About the SIG
Rate Splitting Multiple Access (RSMA), based on (linearly or nonlinearly) precoded Rate-Splitting (RS) at the transmitter and Successive Interference Cancellation (SIC) at the receivers, has emerged as a novel, general and powerful framework for the design and optimization of non-orthogonal transmission, multiple access, and interference management strategies in future MIMO wireless networks. RSMA relies on the split of messages and the non-orthogonal transmission of common messages decoded by multiple users, and private messages decoded by their corresponding users. This enables RSMA to softly bridge and therefore reconcile the two extreme strategies of fully decode interference and treat interference as noise. RSMA has been shown to generalize, and subsume as special cases, four seemingly different strategies, namely Space Division Multiple Access (SDMA) based on linear precoding (currently used in 5G), Orthogonal Multiple Access (OMA), Non-Orthogonal Multiple Access (NOMA) based on linearly precoded superposition coding with SIC, and physical-layer multicasting. RSMA boils down to those strategies in some specific conditions, but outperforms them all in general.
Through information and communication theoretic analysis, RSMA is shown to be optimal (from a Degrees-of-Freedom region perspective) in a number of scenarios and provides significant room for spectral efficiency, energy efficiency, fairness, reliability, QoS enhancements in a wide range of network loads and user deployments, robustness against imperfect Channel State Information at the Transmitter (CSIT), as well as feedback overhead and complexity reduction over conventional strategies used in 5G. The benefits of RSMA have been demonstrated in a wide range of scenarios (MU-MIMO, massive MIMO, multi-cell MIMO/CoMP, overloaded systems, NOMA, multigroup multicasting, mmwave communications, communications in the presence of RF impairments and superimposed unicast and multicast transmission, relay,…) and systems (terrestrial, cellular, satellite, …). Thanks to its versatility, RSMA has the potential to tackle challenges of modern communication systems and is a gold mine of research problems for academia and industry, spanning fundamental limits, optimization, PHY and MAC layers, and standardization.

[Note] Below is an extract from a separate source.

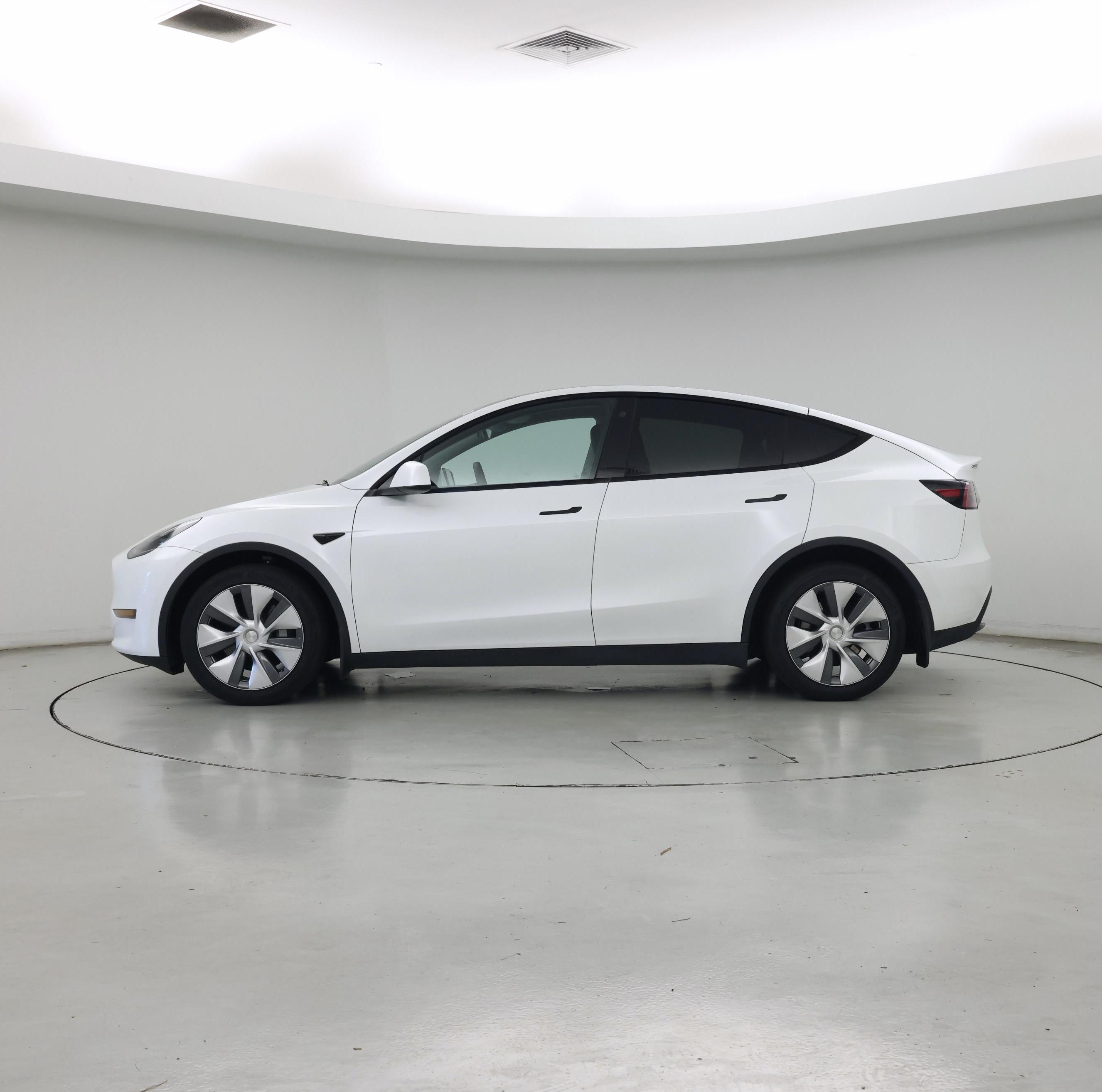 Thumbnail: 2023 Tesla Model Y - 3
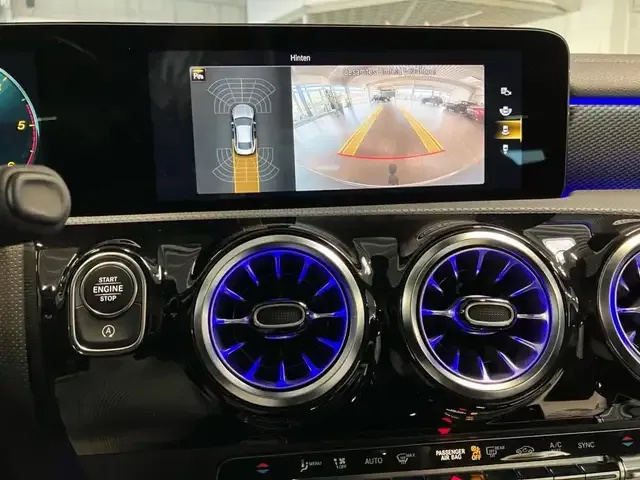 Mercedes-Benz CLA 220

In this SIG on RSMA, we provide a platform to bring together PhD students, researchers and engineers in academia and industry interested in the lower layers of wireless communication systems and in particular the design of 6G physical layer to share their ideas and discuss the major technical challenges, recent breakthroughs, new applications, open problems and challenges related to RSMA. Topics of interest of this SIG include, but are not limited to:
RSMA to achieve the fundamental limits of wireless networks
RSMA for multi-user/multi-cell multi-antenna networks
RSMA-based robust interference management
RSMA in MU-MIMO, CoMP, Massive MIMO, millimetre wave and higher frequency bands, relay, cognitive radio, caching, physical layer security, cooperative communications, cloud-enabled platforms (C-RAN, F-RAN), intelligent reflecting surfaces, etc
RSMA to generalize SDMA and NOMA
Physical layer design of RSMA-based network
Coding and Modulation for RSMA
Cross-layer design, optimization and performance analysis of RSMA
Implementation and standardization of RSMA
RSMA in B5G services such as enhanced eMBB, enhanced URLLC, enhanced MTC, massive MTC, massive IoT, V2X, cellular, UAV and satellite networks, wireless powered communications, integrated communications and sensing, etc.